In an action, inter alia, to recover damages for wrongful death, the defendants appeal from an order of the Supreme Court, Suffolk County (Werner, J.), entered September 5, 2002, which denied their motion for summary judgment dismissing the complaint.
Ordered that the order is reversed, on the law, with costs, the motion is granted, and the complaint is dismissed.
Charles Turini, the plaintiff’s decedent (hereinafter the *261decedent), was killed when a patrol car operated by Suffolk County Police Officer John Gang, who was responding to a radio call of “shots fired,” struck the decedent’s vehicle in the intersection of Veterans Memorial Highway and Orville Drive in Bohemia. The decedent was traveling northbound on Orville Drive when his vehicle entered the intersection while attempting to make a left turn onto westbound Veterans Memorial Highway. Gang was traveling eastbound on Veterans Memorial Highway, with his patrol car partially in the left turning lane.
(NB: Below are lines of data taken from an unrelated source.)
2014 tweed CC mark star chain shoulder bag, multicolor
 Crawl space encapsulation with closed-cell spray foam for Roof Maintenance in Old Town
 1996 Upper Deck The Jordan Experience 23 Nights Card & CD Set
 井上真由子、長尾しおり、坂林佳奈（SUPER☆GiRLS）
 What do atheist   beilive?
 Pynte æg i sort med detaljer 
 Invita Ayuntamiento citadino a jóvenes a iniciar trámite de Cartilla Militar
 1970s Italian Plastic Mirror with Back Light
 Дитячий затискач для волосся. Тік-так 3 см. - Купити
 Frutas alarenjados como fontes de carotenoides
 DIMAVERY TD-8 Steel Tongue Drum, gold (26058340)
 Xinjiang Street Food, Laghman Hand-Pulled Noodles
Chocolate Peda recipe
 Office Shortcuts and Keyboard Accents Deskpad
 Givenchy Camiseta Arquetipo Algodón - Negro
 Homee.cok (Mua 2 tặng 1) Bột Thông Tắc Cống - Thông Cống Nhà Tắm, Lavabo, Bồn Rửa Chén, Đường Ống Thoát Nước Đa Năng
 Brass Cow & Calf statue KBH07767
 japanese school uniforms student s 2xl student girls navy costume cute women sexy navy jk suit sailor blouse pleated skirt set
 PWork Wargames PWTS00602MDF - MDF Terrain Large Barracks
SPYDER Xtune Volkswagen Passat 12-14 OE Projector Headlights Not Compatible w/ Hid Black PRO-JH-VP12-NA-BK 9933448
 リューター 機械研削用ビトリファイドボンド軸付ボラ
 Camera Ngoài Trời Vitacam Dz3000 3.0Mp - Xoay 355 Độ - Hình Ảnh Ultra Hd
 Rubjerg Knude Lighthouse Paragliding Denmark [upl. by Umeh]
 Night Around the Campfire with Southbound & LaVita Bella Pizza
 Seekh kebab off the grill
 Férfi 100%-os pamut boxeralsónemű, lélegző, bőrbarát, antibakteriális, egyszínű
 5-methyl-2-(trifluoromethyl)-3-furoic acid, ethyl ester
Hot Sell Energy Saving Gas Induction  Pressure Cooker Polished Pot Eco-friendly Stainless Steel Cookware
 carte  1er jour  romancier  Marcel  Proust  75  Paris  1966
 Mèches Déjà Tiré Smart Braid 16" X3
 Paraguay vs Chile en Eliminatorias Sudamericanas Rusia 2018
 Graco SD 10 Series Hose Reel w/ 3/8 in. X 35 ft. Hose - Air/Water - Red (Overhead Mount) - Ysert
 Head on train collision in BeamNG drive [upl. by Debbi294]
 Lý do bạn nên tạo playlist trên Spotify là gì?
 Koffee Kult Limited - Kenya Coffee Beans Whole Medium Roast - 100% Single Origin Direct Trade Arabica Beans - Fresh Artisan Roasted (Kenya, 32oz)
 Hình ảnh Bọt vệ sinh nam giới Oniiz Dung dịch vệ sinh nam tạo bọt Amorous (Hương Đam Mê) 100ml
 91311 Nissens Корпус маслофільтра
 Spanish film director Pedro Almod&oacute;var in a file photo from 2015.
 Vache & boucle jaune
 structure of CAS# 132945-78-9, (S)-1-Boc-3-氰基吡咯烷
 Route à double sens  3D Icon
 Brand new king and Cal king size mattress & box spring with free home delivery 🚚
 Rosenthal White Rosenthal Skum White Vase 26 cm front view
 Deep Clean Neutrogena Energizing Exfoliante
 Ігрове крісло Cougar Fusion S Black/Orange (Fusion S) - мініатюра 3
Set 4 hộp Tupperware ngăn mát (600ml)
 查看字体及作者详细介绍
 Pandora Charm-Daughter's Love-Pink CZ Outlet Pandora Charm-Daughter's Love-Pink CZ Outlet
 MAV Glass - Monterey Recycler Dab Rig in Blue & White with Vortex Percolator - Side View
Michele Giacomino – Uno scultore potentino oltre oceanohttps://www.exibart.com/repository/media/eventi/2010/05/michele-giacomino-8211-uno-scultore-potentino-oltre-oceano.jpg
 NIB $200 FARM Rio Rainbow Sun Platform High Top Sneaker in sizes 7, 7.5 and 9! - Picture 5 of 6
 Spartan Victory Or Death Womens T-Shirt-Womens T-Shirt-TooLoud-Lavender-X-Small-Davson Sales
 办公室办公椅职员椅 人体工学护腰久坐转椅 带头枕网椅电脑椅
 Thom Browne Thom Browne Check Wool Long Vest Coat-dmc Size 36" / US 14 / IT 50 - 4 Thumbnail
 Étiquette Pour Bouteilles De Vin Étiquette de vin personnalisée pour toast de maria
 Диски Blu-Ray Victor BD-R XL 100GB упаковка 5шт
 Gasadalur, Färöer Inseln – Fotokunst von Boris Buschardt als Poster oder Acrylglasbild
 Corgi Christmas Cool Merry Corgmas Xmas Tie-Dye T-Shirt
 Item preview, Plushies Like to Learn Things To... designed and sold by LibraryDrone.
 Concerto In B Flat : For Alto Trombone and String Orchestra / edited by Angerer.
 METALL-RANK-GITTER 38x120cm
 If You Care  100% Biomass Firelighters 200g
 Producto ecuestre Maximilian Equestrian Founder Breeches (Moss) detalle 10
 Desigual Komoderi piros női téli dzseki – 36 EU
The plaintiff, individually and as executrix of the decedent’s estate, commenced this action against Gang, the Suffolk County Police Department (hereinafter the SCPD), and the County of Suffolk, contending that Gang was reckless in the operation of his patrol car and violated various provisions of the Vehicle and Traffic Law and the SCPD procedures manual. The defendants moved for summary judgment. The Supreme Court denied the motion finding that there were triable issues of fact as to whether Gang was reckless. We reverse.
A police officer is qualifiedly exempt from certain traffic laws in driving a vehicle in an emergency operation, and his or her conduct “may not form the basis of civil liability to an injured [third party] unless the officer acted in reckless disregard for the safety of others” (Saarinen v Kerr, 84 NY2d 494, 501 [1994]; see Vehicle and Traffic Law § 1104 [b] [l]-[4]; [e]; Mulligan v City of New York, 245 AD2d 277, 278 [1997]; Williams v City of New York, 240 AD2d 734, 735-736 [1997]; Powell v City of Mount Vernon, 228 AD2d 572, 573-574 [1996]). The “reckless disregard” standard requires “evidence that ‘the actor has intentionally done an act of an unreasonable character in disregard of a known or obvious risk that was so great as to make it highly probable that harm would follow’ and has done so with conscious indifference to the outcome” (Saarinen v Kerr, supra, at 501,quoting Prosser and Keeton, Torts § 34, at 213 [5th ed]; see Mulligan v City of New York, supra at 278).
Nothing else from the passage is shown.